Fjords are found in locations where current or past glaciation extended to sea level. A fjord is formed when a glacier (carving its typical U-shaped valley) meets the sea and melts. This leaves a narrow, steep sided valley into which the sea floods. The flood creates a narrow, deep lake (sometimes as deep as 1300m) connected to the sea. The terminal moraine pushed down the valley by the glacier is left underwater at the fjord's entrance, causing the water at the neck of the fjord to be shallower than the main body of the fjord behind it.
This shallow threshold and the protection afforded by the valley's sides generally means that fjords are excellent natural harbours. Consequently fjords often provide the home-port to fishing fleets, and in industrialised locations have come to be used for fish farming and shipbuilding.
As late as in 2000 the some of the worlds largest coral reefs were discovered along the bottoms of the norwegian fjords. Theese reefs were found in fjords all the way from the north of Norway to the south. The marine life on the reefs is believed to be one of the most important reasons why the Norwegian coastline is such a generous fishing ground. Since the discovery is fairly new, little research has been done. So far, only the deep sea diver who discovered the first reef at 60 meters has visited it, and even he has only been down three times. The reefs are host to thousands of lifeforms such as plankton, coral, anemonies, fish, several species of sharks, and many more one would expect to find on a reef. Most however are specially adapted to life under the greater preassure of the water column above it, and the total darkness of the deep sea.
Fjords are found all along the coast of:
The longest fjords in the world are:
- Scoresby Sund on Greenland, (350 km)
- Sognefjord in Norway (203 km)
- Hardangerfjord in Norway (179 km)
The long fjord-like bays of the New England coast are sometimes referred to as "fiards".
The Lim bay in Istria, Croatia, is sometimes called "Lim fjord" although it's not actually a fjord created by glaciation but instead an estuary created by the erosive forces of the river Pazinčica.

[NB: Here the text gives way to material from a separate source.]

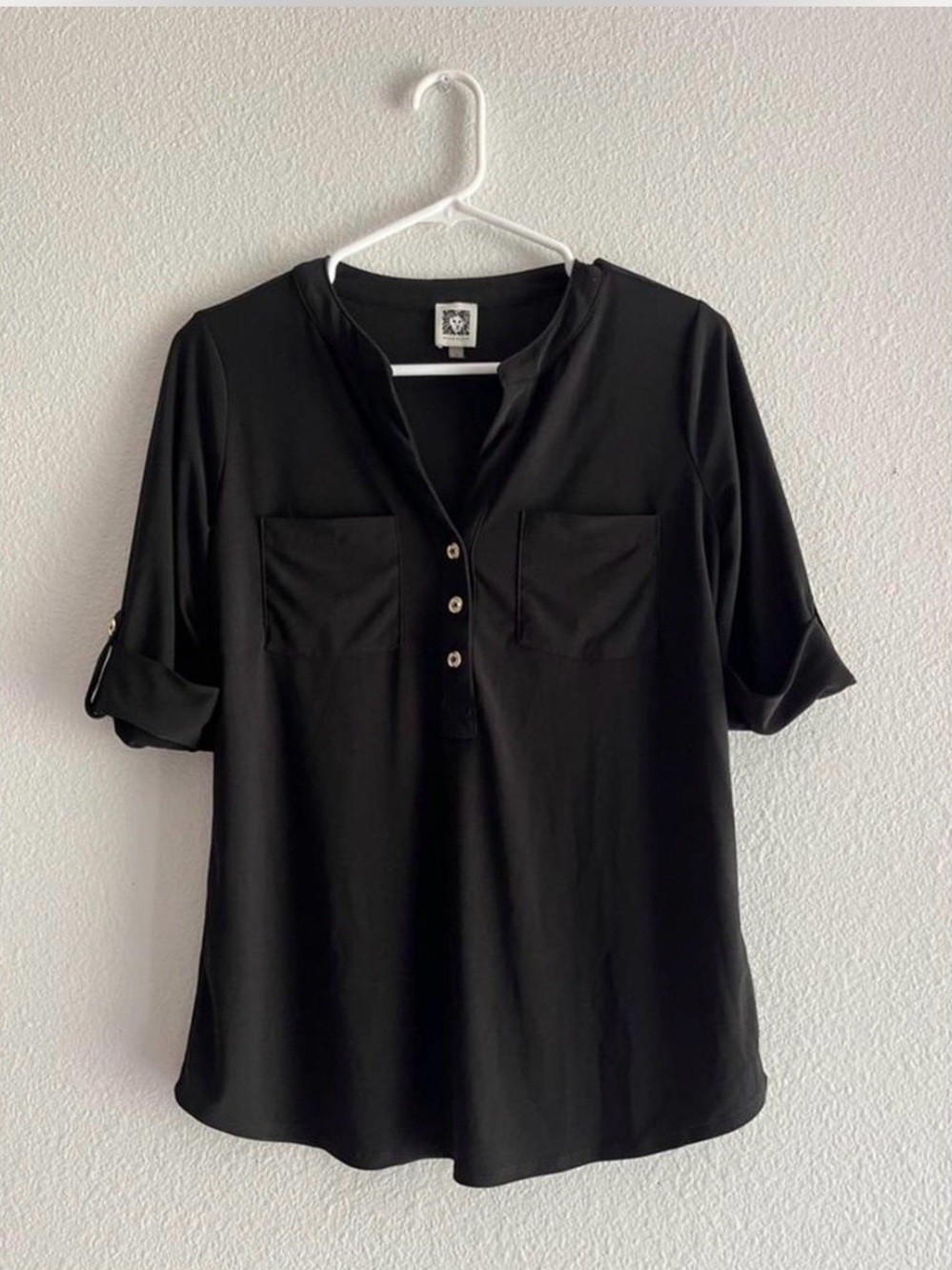 NWT Anne Klein Black Packable Elbow Rolled Sleeve Blouse Gold Button XL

The word fjord comes from the Scandinavian languages, and is cognate to firth. In Scandinavia, fjord is used for narrow inlets in Norway, Denmark and western Sweden, whereas the name Fjärd is used in a synonymous manner for narrow inlets on Sweden's Baltic Sea coast, and in most Swedish lakes. This latter term is also used for bodies of water off the coast of Finland where Swedish is spoken. Note that the uses for the words fjord and especially for the eastern form fjärd are more general in the Scandinavian languages, than in English. Fjord in the English sense is taken from a type of fjord found in Norway and in parts of Sweden.